Du jour au lendemain, le monde découvre avec stupéfaction que la vitesse de rotation de la Terre a ralenti. Très vite, les journées commencent à s'allonger, d'abord de quelques minutes, puis de plusieurs heures, le jour devient la nuit et la nuit le jour. C'est au travers de Julia et de ses yeux d'enfant que nous devenons à notre tour témoin des conséquences du dérèglement terrestre : les jours atteignent progressivement 26, 30 puis 48 heures, la gravité est modifiée, entraînant des changements météorologiques radicaux, l'extinction de nombreuses espèces végétales et animales et l'apparition d'un mystérieux syndrome qui touche une partie de la population. Alors âgée de 11 ans, la jeune fille se retrouve confrontée aux conséquences du bouleversement sur sa famille et sa communauté. Enfant introvertie et sensible (dans laquelle je me suis reconnue je dois dire), elle se situe entre deux périodes : celle de l'enfance et celle de l'adolescence. Elle observe ainsi ses parents dont la force apparente se retrouve fragilisée, ses camarades dont le corps et le comportement changent, vit la perte de l'amitié et ses premiers émois amoureux. Julia est un personnage réaliste, mais surtout de plus en plus touchant au fil des pages, en particulier concernant sa relation avec son grand-père et Seth.

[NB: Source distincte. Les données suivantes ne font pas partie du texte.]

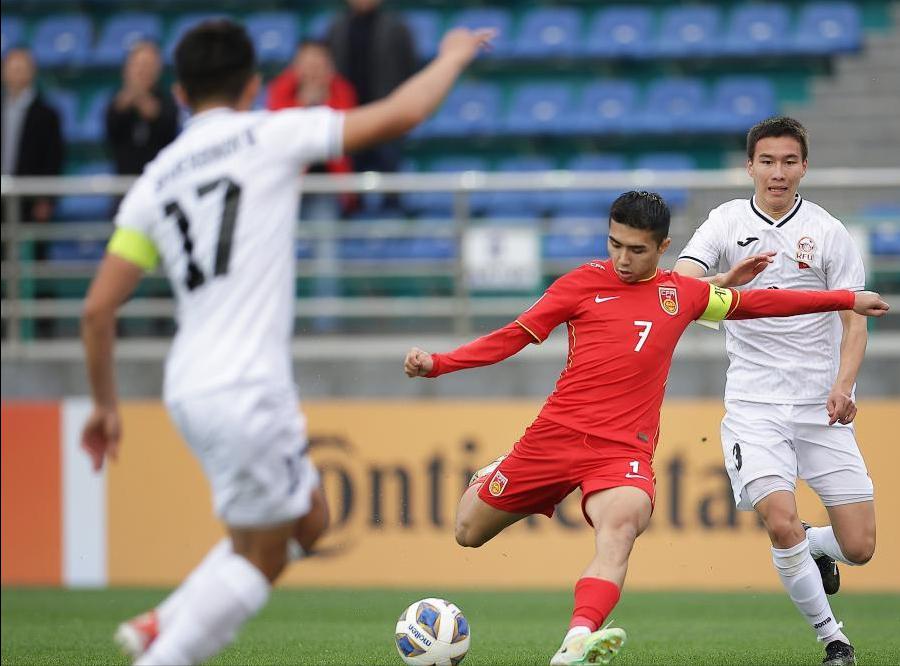 这是目前最好的国足 看好淘汰赛U20国足 90分钟内解决韩国队(4)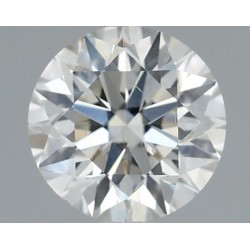 Diament szlif okrągły, 0.73ct, SI1, H, IGI 630422131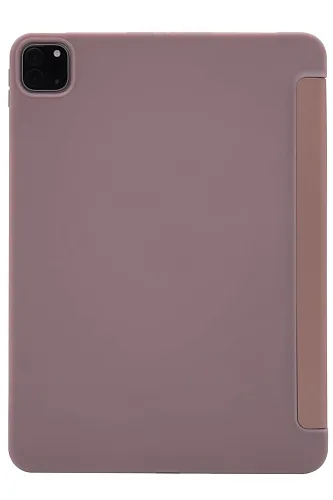 Чехол-книжка для iPad Pro 11 3 загиба без рамки Розовое золото 250_100_125710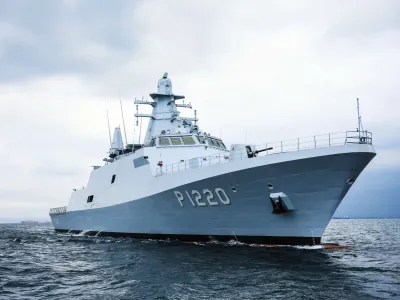 Corveta turcească pentru MApN, un fiasco (sursa: ASFAT)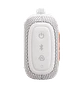 JBL Go 5 Parlante Bluetooth Portátil, Speaker Inalámbrico IP68, Sonido JBL Pro, Auracast, USB-C, Resistente al Agua y Polvo, Hasta 10 Horas de Batería, Blanco - Miniatura 5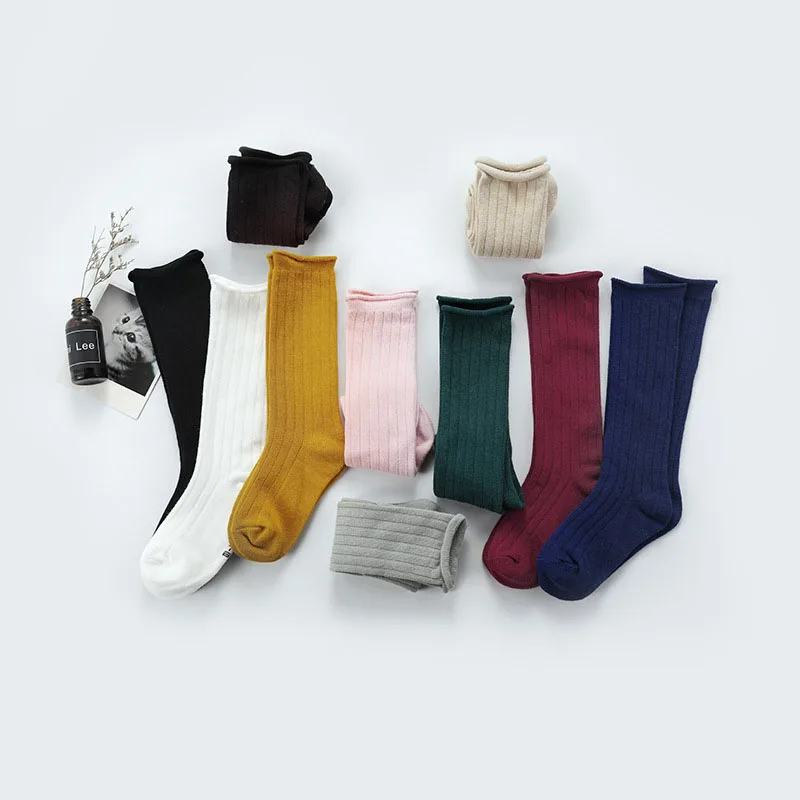 Носки для новорожденных детские гольфы в полоску с бантом Sokjes 2019|baby socks|baby girl socksbaby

Si l'ambiance d'une fin du monde imminente se fait très vite ressentir, ne vous attendez pas aux cataclysmes habituels ni aux effusions de sang. Les semaines défilent et les protagonistes semblent tout à fait impuissants face aux événements. Alors que certains cèdent à la panique (fuites, isolements, suicides de masse à l'arsenic, etc.), d'autres s'accrochent à leur routine. Face aux pressions du gouvernement, arrive le moment où chaque individu doit prendre une décision : adhérer au système horaire mis en place par les autorités qui se calque sur les horaires ordinaires, ou bien rejoindre les partisans du temps réel qui, pour la plupart, quittent leur foyer afin de rejoindre les nombreuses communautés créées au sein du désert.

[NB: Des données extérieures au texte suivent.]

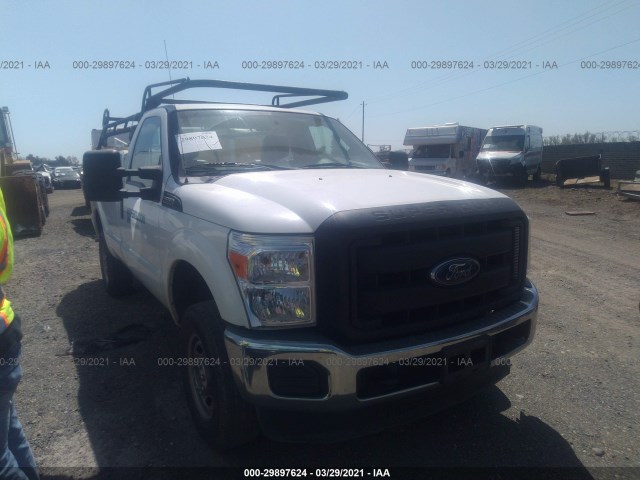 FORD SUPER DUTY F-250 SRW 2014 1ftbf2b66eeb81989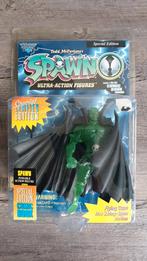 Spawn Series 1 Green Jelly Action Figure (Limited Edition), Verzamelen, Poppetjes en Figuurtjes, Verzenden, Nieuw
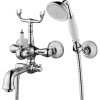 Смеситель для ванны с душем Lemark Villa LM4812C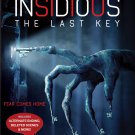 Insidious: The Last Key [Blu-ray] [2018]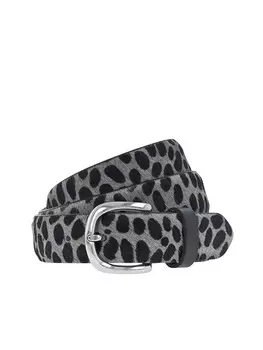 Ремень Vanzetti, серый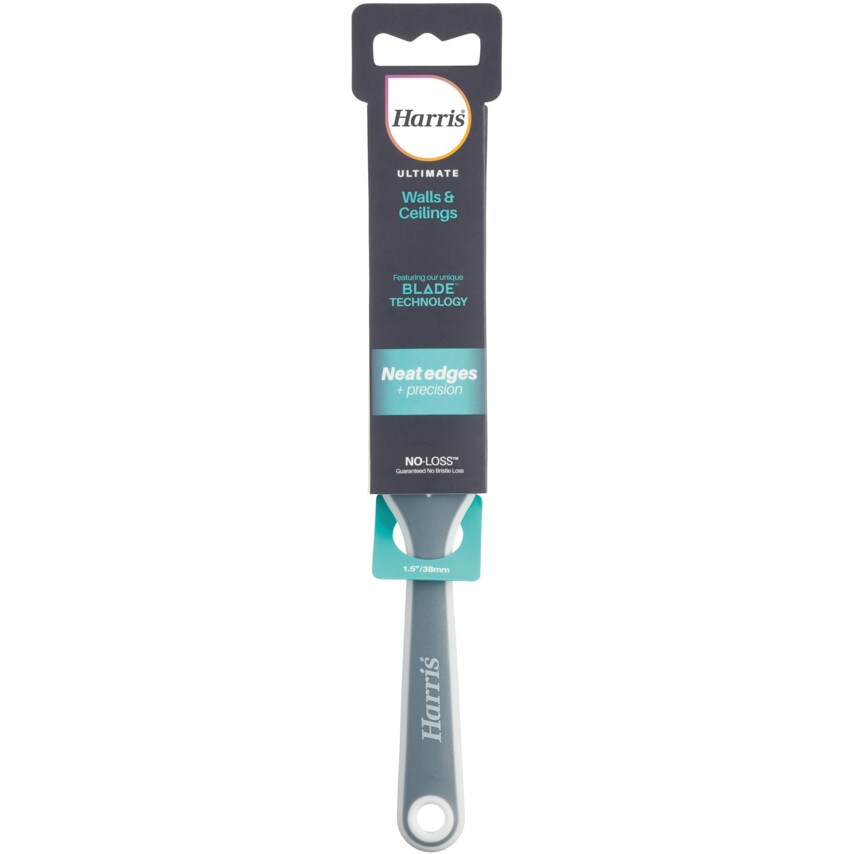 Blade Paint Brush, 38mm, for Walls & Ceilings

De nombreuses études ont été consacrées aux effets physiques du mal de la gravité, mais l'histoire ne rendra jamais compte de toutes les vies métamorphosées par les changements de caractère, plus subtils, qui accompagnèrent le ralentissement. Pour des raisons que nous n'avons pas entièrement comprises, le ralentissement, ou plutôt ses effets ont modifié la chimie de certains cerveaux, transformant de façon notable l'équilibre précaire entre pulsions et maîtrise de soi.
L'atmosphère se fait de plus en plus mélancolique et le quotidien semble comme engourdi, entre chaudes journées ensoleillées mais profondément maussades et nuits étoilées qui se révèlent sans fin et transforment l'environnement urbain en ville fantôme. Le temps, comme suspendu, plonge l'héroïne dans une contemplation rêveuse :
Parfois, je rêvais que nous déménagions, nous aussi. Les communautés qui poussaient dans le désert éveillaient ma curiosité. J'aimais penser que le temps s'écoulait réellement moins vite là-bas. Si c'était le cas, si chaque événement mettait un peu plus de temps à se dérouler, alors ses conséquences étaient-elles un peu moins brutales ?

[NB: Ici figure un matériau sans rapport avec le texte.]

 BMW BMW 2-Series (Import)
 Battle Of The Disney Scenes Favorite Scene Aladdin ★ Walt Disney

Très vite, un parallèle se fait entre la jeune fille et la planète et l'on découvre alors de nombreuses similitudes entre leurs changements. Déjà bercé par une torpeur langoureuse, le roman prend alors une tournure poétique qui se joue de nos angoisses profondes. L'auteure effectue un petit tour de force en nous laissant sans réponse : pas d'explications scientifiques, pas de happy end au sens propre. Nous n'étions que des témoins passagers, seulement présents pour une année au côté de la jeune Julia.
Malgré son contexte apocalyptique, L'âge des miracles est un roman tendre sur une jeune fille en devenir et sur sa capacité d'adaptation. Si vous cherchez de l'action à foison, passez votre chemin. Malgré leur destinée fatale, les personnages qui peuplent le récit s'accrochent à la vie et cachent en leur sein une volonté commune, celle de laisser une trace afin de dire « Nous étions là ».